Because vulnerability is hindered by fear and fear is hardened in the face of vulnerability.
What is the fear behind vulnerability? The fear that someone hurt you once and can hurt you again, the fear that someone would reject you if they only knew, the fear that someone would consume you if you let down your guard. Because of the fear, we press the vulnerability like a flower, wrap it up, put it in the back of the dresser drawer, and forget about it if we're really practiced or ignore it if that's the best we can do. We live our lives with fear waiting for us, imaging in our subconscious eye a living, breathing boogey man who grows bigger and bigger and meaner and meaner with time.

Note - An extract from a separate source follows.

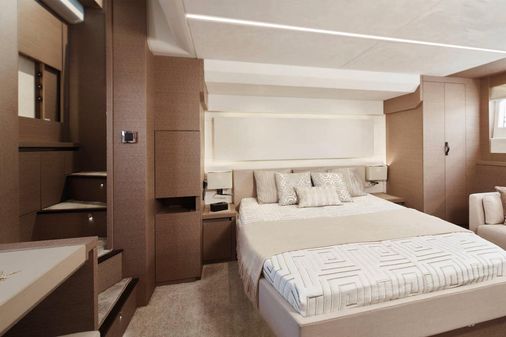 Prestige 630 image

But if we would just close the bedroom door, inch the dresser drawer toward us, open our eyes and take a deep breath, pull the bundle out and unfold the wrapping, we'll see it's dried up, broken apart, ashen. What we had feared all that time has lost its pungency, lost its sting, is no longer a tyrant but instead a withered old wrinkled man who chews with his gums.
It's not about overpowering fear. It's about softening. Because in your most vulnerable moments you visit with fear and find you already have the strength you need.